=== Section Start ===

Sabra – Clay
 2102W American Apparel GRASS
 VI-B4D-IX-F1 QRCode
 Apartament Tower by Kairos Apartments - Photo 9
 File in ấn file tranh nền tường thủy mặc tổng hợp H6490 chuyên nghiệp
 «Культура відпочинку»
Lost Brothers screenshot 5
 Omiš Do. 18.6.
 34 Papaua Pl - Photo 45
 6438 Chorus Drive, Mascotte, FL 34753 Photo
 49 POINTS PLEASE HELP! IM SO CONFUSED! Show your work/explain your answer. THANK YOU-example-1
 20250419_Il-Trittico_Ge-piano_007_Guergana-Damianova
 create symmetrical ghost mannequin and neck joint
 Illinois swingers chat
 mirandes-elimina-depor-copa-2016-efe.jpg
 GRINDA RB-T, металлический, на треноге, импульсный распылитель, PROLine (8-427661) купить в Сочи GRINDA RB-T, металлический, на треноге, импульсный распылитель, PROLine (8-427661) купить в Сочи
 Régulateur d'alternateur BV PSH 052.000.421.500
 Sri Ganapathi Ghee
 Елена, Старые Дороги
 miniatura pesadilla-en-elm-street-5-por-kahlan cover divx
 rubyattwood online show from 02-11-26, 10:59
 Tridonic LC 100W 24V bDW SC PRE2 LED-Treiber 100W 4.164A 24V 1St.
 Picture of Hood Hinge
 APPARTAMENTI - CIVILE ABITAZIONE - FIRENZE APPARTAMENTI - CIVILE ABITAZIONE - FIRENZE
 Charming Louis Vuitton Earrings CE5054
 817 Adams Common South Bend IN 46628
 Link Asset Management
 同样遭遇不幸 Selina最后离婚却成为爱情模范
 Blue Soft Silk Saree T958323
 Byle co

=== Section End ===

◆ **TASK OBJECTIVE**: Taking care to match every character, output all of the entries above.

◆ **ANSWER SPACE**:
Sabra – Clay
 2102W American Apparel GRASS
 VI-B4D-IX-F1 QRCode
 Apartament Tower by Kairos Apartments - Photo 9
 File in ấn file tranh nền tường thủy mặc tổng hợp H6490 chuyên nghiệp
 «Культура відпочинку»
Lost Brothers screenshot 5
 Omiš Do. 18.6.
 34 Papaua Pl - Photo 45
 6438 Chorus Drive, Mascotte, FL 34753 Photo
 49 POINTS PLEASE HELP! IM SO CONFUSED! Show your work/explain your answer. THANK YOU-example-1
 20250419_Il-Trittico_Ge-piano_007_Guergana-Damianova
 create symmetrical ghost mannequin and neck joint
 Illinois swingers chat
 mirandes-elimina-depor-copa-2016-efe.jpg
 GRINDA RB-T, металлический, на треноге, импульсный распылитель, PROLine (8-427661) купить в Сочи GRINDA RB-T, металлический, на треноге, импульсный распылитель, PROLine (8-427661) купить в Сочи
 Régulateur d'alternateur BV PSH 052.000.421.500
 Sri Ganapathi Ghee
 Елена, Старые Дороги
 miniatura pesadilla-en-elm-street-5-por-kahlan cover divx
 rubyattwood online show from 02-11-26, 10:59
 Tridonic LC 100W 24V bDW SC PRE2 LED-Treiber 100W 4.164A 24V 1St.
 Picture of Hood Hinge
 APPARTAMENTI - CIVILE ABITAZIONE - FIRENZE APPARTAMENTI - CIVILE ABITAZIONE - FIRENZE
 Charming Louis Vuitton Earrings CE5054
 817 Adams Common South Bend IN 46628
 Link Asset Management
 同样遭遇不幸 Selina最后离婚却成为爱情模范
 Blue Soft Silk Saree T958323
 Byle co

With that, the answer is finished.